Trim, vocal, energetic and a self-described perfectionist, Carole sees a dire need for autism awareness in Oregon, and is committed to that end via several undertakings. She has begun the proceedings for a lawsuit against the Salem police department. Why, she wonders, would the police enter a space that resembled a kindergarten classroom – where collages, kites and pictures of helicopters line the walls, and crayons, construction paper and glue cover the tables – and engage in combative behavior. In Salem, “you aim and you shoot and that’s it.” If court proceedings come to fruition, any monies attained as a result of punitive damages and pain and suffering would go directly back into the autism community.
In her “mission to make sure the police are educated,” Carole is also active in encouraging training in autism awareness for police departments. According to Dennis Debbaudt’s website “Avoiding Unfortunate Situations,” “the rate of occurrence of autism has increased in the past ten years from 2 to 6 in ten thousand persons, to 2-6 in one thousand persons [and law enforcement officers] can expect to have an increasing number of interactions with them.”
Mr. Debbaudt advises families about what they can do to reduce police interactions, provides information for law enforcement professionals, and makes him self available for workshops to law enforcement agencies and schools.
After the Portland Police Department took advantage of such a program, Carole says, they were very thankful for it.
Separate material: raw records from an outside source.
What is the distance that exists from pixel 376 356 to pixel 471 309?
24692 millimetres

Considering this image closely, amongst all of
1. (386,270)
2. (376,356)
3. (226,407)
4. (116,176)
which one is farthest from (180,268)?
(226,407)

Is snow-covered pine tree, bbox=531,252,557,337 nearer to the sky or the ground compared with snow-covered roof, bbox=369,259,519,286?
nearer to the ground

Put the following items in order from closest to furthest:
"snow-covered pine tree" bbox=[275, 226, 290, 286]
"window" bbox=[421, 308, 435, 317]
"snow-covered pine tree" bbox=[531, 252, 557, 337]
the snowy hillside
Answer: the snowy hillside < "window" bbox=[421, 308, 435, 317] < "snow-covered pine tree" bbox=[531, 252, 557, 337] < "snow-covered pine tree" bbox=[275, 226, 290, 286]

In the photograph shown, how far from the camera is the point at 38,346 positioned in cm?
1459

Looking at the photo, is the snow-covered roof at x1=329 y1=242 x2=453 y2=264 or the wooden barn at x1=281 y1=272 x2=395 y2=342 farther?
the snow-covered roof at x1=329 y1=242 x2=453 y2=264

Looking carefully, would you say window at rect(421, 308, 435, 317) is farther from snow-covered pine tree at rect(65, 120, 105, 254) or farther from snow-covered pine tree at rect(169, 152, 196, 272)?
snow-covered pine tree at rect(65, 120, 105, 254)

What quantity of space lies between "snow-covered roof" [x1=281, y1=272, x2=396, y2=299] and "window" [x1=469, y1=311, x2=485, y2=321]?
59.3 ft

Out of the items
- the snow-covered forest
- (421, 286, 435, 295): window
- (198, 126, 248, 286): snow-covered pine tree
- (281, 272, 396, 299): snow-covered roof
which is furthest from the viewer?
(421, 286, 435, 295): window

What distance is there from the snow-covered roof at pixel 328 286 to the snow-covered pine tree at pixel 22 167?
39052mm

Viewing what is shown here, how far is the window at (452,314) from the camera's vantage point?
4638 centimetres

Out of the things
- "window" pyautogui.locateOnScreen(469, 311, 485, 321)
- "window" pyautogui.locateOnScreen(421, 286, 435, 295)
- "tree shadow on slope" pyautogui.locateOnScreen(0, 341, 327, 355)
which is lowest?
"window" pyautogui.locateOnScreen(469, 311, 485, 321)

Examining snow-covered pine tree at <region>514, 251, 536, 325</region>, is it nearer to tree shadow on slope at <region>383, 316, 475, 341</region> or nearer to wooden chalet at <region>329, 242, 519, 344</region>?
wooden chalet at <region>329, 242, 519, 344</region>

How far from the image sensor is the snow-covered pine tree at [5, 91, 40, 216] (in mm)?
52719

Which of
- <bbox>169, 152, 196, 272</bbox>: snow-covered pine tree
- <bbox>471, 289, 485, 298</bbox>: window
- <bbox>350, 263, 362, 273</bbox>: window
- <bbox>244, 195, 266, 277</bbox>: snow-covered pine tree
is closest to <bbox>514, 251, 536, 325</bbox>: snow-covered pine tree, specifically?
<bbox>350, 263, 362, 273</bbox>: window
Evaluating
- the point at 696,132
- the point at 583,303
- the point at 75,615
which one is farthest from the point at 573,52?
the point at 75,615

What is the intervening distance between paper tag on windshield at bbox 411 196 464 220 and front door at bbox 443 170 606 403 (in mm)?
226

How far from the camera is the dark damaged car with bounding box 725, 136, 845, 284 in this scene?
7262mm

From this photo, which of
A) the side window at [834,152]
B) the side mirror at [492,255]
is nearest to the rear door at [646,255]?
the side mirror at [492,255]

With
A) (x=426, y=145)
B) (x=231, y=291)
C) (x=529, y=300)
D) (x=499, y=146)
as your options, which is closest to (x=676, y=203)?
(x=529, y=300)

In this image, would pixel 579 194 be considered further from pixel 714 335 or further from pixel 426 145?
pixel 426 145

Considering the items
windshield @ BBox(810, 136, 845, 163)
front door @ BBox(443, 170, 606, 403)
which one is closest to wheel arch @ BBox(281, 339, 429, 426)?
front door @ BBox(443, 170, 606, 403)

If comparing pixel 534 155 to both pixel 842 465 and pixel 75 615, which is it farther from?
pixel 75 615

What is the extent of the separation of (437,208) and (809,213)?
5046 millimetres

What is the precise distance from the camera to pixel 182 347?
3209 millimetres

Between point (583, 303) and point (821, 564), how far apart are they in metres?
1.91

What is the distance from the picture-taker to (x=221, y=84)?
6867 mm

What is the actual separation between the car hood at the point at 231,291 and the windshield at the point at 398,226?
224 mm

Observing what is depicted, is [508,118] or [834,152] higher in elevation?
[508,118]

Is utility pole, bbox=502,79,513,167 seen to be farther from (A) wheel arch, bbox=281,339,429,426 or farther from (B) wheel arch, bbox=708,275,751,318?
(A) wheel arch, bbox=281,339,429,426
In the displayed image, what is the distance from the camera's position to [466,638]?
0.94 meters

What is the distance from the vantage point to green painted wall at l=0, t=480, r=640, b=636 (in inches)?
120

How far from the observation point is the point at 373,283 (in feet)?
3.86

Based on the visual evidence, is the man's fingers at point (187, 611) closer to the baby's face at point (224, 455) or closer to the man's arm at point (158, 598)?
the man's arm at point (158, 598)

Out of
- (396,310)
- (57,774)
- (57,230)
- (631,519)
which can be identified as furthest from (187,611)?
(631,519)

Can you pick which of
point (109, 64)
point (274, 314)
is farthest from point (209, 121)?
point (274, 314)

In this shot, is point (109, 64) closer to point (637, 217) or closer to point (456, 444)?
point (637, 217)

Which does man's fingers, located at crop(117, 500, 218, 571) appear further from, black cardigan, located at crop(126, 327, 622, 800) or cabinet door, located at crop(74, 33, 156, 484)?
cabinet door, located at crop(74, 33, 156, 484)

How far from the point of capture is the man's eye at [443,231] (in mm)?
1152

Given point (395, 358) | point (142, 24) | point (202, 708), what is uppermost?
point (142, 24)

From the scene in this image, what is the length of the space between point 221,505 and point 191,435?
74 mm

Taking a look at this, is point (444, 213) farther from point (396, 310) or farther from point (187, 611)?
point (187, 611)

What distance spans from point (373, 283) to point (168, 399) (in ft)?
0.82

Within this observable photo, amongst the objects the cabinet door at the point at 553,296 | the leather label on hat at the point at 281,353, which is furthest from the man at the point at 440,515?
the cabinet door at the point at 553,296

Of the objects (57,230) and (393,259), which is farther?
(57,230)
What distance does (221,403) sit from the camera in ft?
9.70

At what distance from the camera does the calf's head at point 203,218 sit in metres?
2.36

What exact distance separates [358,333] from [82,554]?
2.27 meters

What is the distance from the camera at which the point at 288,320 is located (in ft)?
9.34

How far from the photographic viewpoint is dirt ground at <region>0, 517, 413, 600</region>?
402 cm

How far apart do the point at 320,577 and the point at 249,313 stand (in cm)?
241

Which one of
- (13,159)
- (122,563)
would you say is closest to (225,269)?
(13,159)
The Salem Police Department, by contrast, chose not to take the opportunity for this training – a decision that led directly to the “unfortunate situations” of September 21.
Another way in which Carole hopes to promote autism awareness is through her soon-to-be-published memoir in which she recounts her experiences going all the way back to 1987 when six-month-old Daniel was diagnosed. She will direct all profits from this book towards autism awareness and education.
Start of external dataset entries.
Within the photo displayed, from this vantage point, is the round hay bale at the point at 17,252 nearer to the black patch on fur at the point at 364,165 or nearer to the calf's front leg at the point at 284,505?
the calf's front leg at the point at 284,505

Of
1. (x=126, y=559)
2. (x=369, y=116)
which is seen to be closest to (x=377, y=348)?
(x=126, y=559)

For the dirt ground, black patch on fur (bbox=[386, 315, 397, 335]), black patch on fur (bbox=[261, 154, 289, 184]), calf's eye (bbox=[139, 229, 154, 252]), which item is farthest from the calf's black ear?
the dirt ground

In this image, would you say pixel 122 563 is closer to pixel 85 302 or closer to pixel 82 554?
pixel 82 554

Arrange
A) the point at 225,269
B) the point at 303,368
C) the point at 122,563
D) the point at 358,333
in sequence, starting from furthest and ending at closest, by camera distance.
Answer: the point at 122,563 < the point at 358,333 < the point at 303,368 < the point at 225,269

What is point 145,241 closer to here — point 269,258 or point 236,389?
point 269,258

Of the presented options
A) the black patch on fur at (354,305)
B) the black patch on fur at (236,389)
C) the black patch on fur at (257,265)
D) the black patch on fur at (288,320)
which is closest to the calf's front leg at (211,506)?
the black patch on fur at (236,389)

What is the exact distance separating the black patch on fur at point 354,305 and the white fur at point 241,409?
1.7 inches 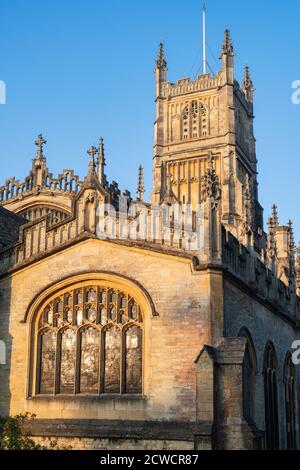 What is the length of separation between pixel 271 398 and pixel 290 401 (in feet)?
10.2

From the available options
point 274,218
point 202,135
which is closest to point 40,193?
point 274,218

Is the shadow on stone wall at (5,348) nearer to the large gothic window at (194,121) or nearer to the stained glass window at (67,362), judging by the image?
the stained glass window at (67,362)

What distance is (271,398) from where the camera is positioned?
2441 centimetres

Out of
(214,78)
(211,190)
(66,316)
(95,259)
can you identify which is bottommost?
(66,316)

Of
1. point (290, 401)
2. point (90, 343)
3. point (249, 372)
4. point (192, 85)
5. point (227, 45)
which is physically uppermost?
point (227, 45)

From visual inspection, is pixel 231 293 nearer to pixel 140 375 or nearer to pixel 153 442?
pixel 140 375

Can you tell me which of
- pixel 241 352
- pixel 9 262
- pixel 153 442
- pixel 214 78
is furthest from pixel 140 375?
pixel 214 78

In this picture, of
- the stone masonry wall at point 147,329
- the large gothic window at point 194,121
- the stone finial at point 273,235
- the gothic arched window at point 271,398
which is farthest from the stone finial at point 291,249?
the large gothic window at point 194,121

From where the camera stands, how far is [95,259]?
816 inches

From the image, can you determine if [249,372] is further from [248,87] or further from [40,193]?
[248,87] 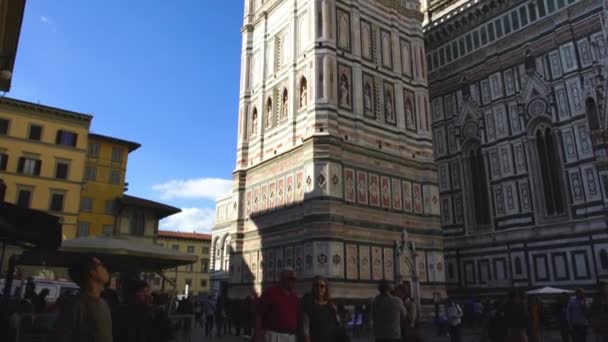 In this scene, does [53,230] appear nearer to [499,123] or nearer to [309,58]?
[309,58]

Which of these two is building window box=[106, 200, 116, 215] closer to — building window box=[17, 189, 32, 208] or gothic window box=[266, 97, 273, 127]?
building window box=[17, 189, 32, 208]

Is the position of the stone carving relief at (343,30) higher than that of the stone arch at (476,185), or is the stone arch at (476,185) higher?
the stone carving relief at (343,30)

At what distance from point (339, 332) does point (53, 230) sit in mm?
4999

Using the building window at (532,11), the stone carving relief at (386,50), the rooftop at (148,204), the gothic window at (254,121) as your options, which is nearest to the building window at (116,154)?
the rooftop at (148,204)

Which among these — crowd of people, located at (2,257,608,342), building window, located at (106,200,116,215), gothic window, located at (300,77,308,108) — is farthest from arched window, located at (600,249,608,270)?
building window, located at (106,200,116,215)

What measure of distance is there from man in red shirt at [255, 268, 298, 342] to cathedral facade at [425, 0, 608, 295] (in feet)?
77.2

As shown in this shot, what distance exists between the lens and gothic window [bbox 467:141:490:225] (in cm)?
2898

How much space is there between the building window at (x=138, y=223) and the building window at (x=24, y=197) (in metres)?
7.62

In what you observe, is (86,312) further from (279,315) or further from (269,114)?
(269,114)

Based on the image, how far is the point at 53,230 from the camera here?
24.5ft

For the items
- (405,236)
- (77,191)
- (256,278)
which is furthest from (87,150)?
(405,236)

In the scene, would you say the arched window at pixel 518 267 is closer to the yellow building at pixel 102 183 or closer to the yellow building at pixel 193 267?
the yellow building at pixel 102 183

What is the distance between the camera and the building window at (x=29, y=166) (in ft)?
105

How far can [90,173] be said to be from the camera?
3675 cm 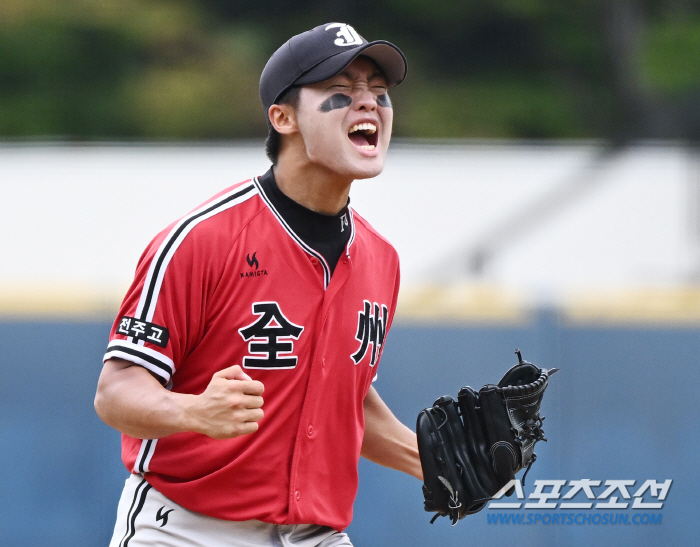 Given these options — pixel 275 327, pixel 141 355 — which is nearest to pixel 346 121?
pixel 275 327

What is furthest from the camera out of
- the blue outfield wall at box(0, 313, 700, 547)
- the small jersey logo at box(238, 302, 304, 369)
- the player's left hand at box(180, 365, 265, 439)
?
the blue outfield wall at box(0, 313, 700, 547)

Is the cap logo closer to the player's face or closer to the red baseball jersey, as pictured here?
the player's face

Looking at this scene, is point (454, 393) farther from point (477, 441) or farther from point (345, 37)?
point (345, 37)

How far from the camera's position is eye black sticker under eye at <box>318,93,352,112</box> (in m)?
2.32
After Daniel was released from the hospital for the bite wounds on his leg, the police intended to press charges against him. Daniel, however, will never have the capacity to understand what he did wrong, nor why he was in jail. Ultimately, the manager of the group home was able to convince law enforcement that any charges would be inappropriate, and that the best place for him would be back in the group home. After being instructed not to play with the staples in his leg, Daniel was permitted to return to his home.
Last week when Carole went to visit her son, Daniel was happy to see her as always. But after the briefest of greetings he shooed her out the door. “He doesn’t like to hang out with his mom, like a normal young man” of 23 years.